REQUIRED ACTION:
A faithful copy is needed of the lines below from the one with "posing together Diverse" up to and including the one with "Painless Syringe Injector – Bild 4"; set it down with no pictures and no other lines.

-------- PROVIDED INFORMATION

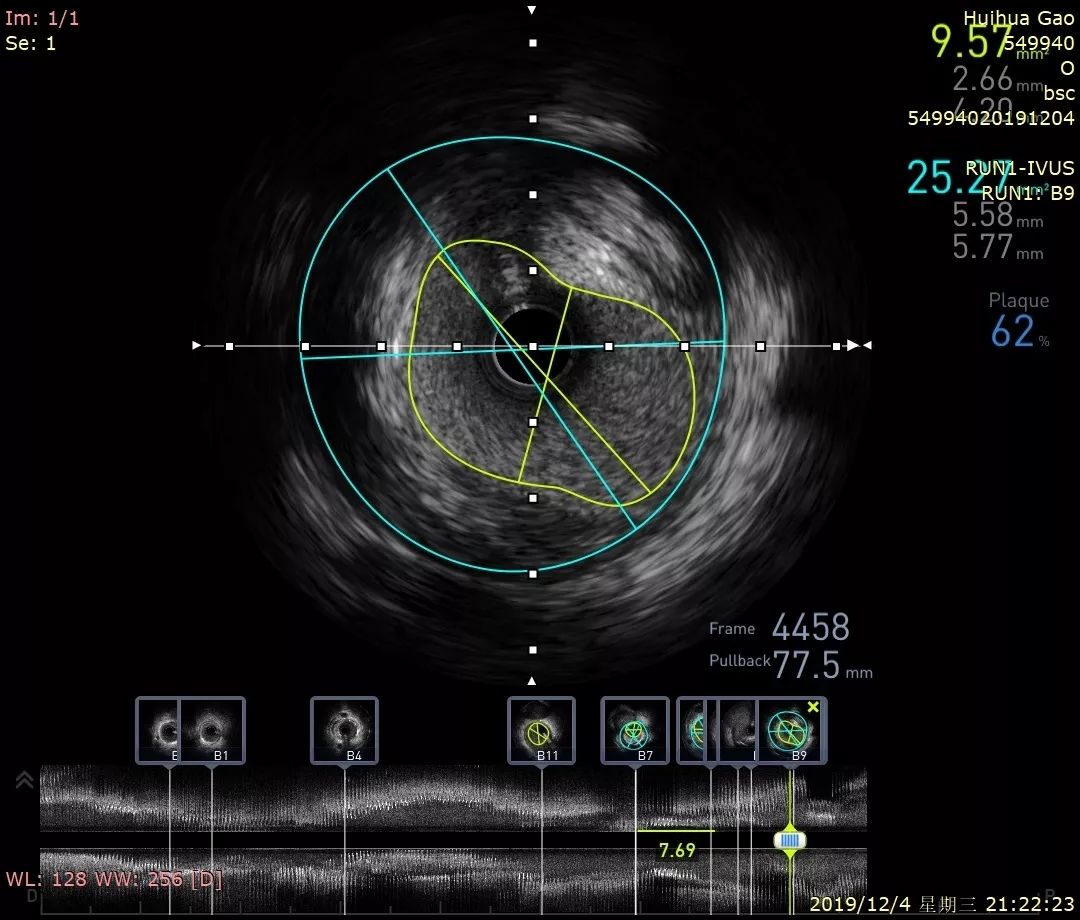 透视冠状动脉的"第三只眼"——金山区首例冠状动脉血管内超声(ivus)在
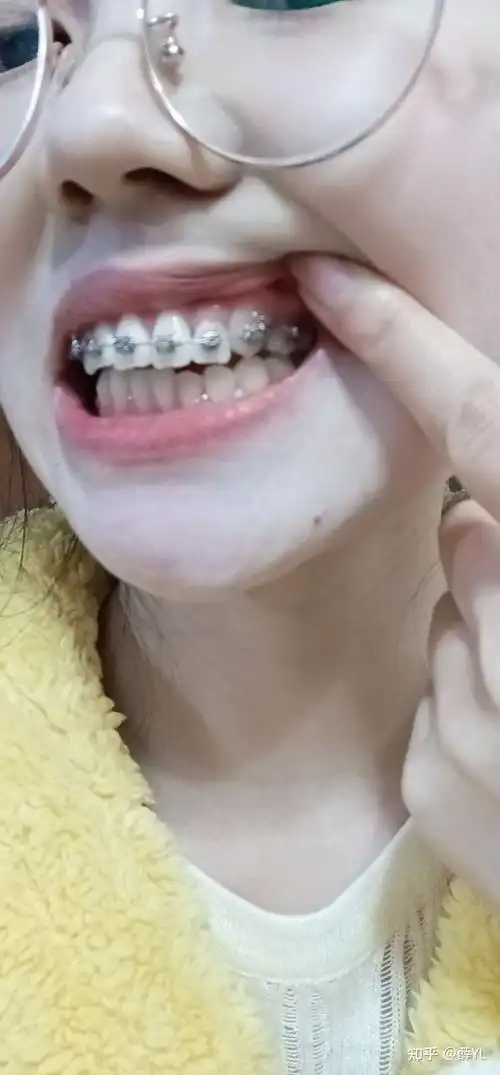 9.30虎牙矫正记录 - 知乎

----------------
-------- PROVIDED INFORMATION

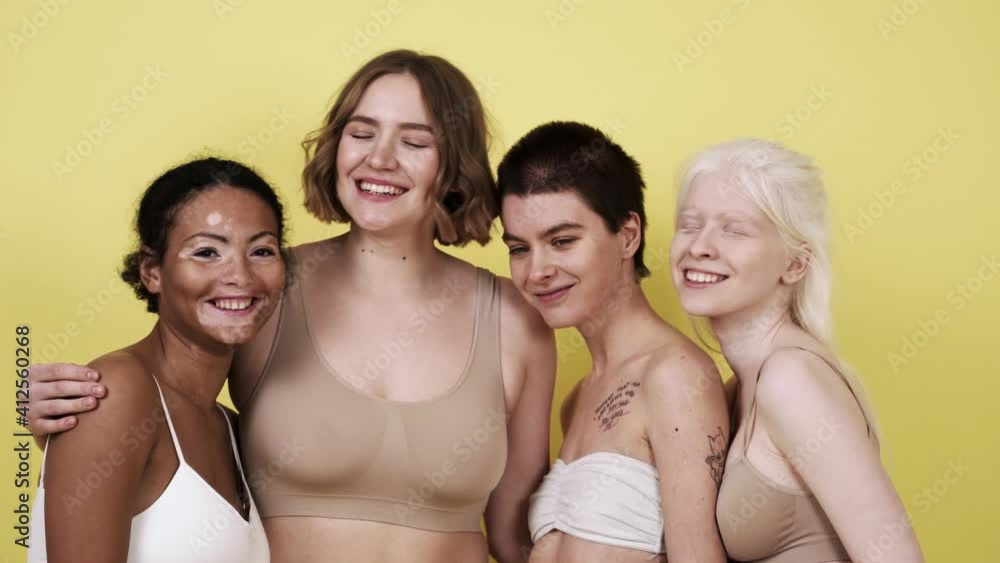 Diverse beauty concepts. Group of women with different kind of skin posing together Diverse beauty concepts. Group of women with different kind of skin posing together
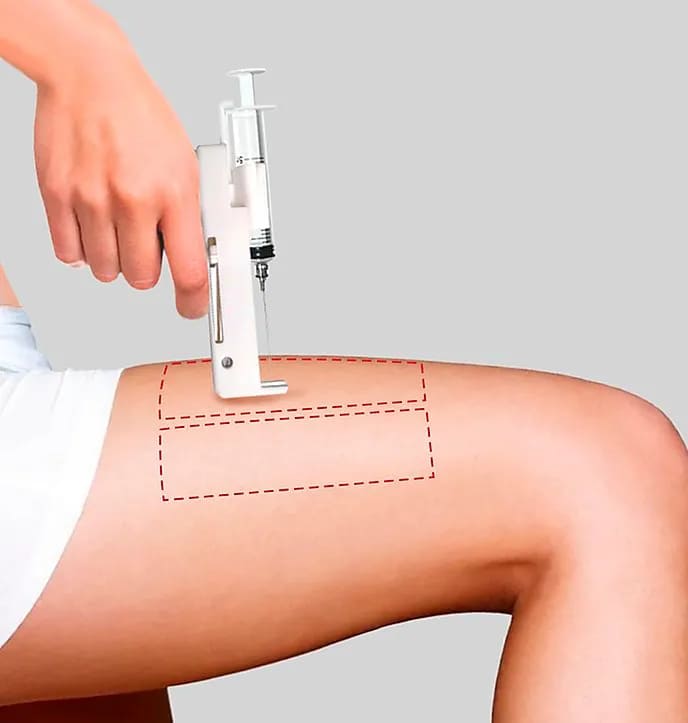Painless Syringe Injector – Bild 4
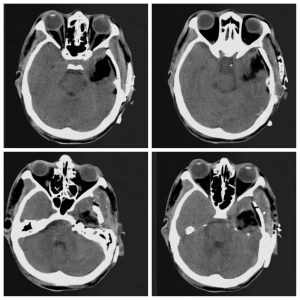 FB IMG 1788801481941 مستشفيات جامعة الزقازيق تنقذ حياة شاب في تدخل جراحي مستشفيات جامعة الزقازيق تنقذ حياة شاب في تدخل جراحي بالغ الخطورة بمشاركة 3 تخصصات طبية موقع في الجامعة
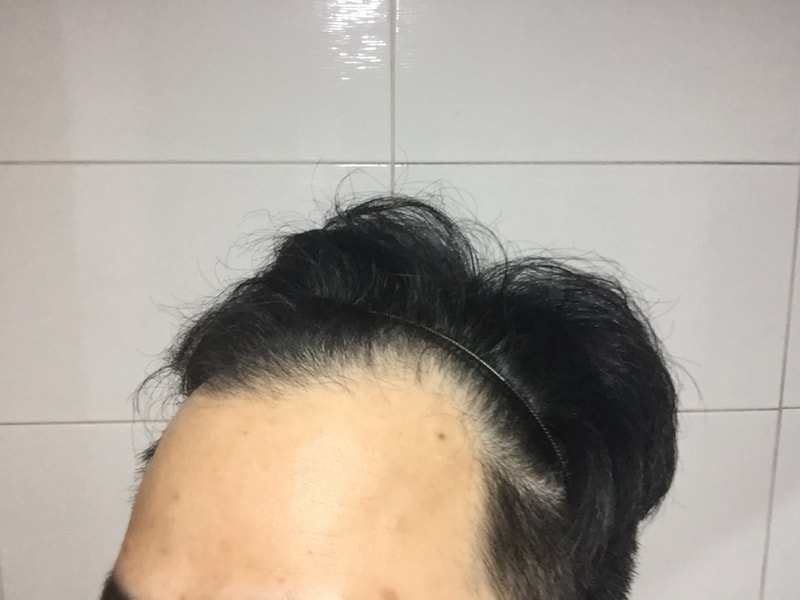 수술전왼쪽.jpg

----------------

RESULT OF THE EXERCISE:
 Diverse beauty concepts. Group of women with different kind of skin posing together Diverse beauty concepts. Group of women with different kind of skin posing together
Painless Syringe Injector – Bild 4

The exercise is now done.